## WHAT THIS TASK INVOLVES
A faithful copy is required: transcribe each line below exactly, minus the pictures.

## DATA EXTRACT
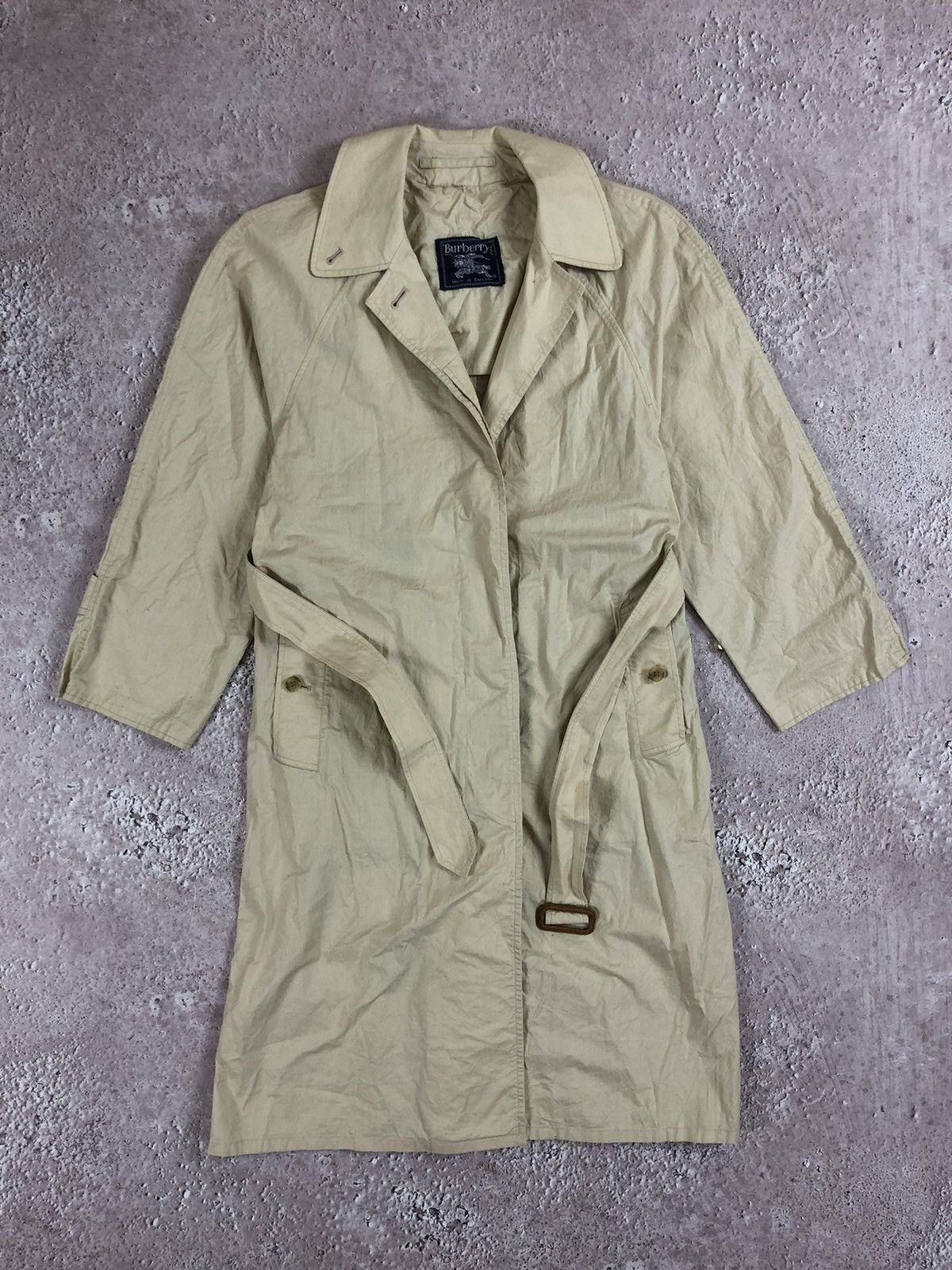 image of Burberrys Tench Coat Nova Check Vintage Jacket in Beige, Men's (Size 2XL)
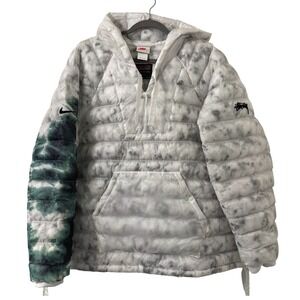 Nike x Stussy Jacket  Mens Large Insulated Pullover White Gorge Green DC1084-101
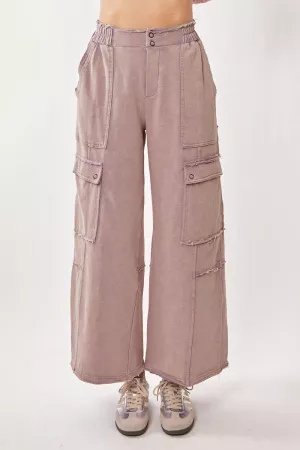 wholesale clothing mineral-washed flap pocketed  knit cargo pants davi & dani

## EXPECTED ANSWER
 image of Burberrys Tench Coat Nova Check Vintage Jacket in Beige, Men's (Size 2XL)
 Nike x Stussy Jacket  Mens Large Insulated Pullover White Gorge Green DC1084-101
 wholesale clothing mineral-washed flap pocketed  knit cargo pants davi & dani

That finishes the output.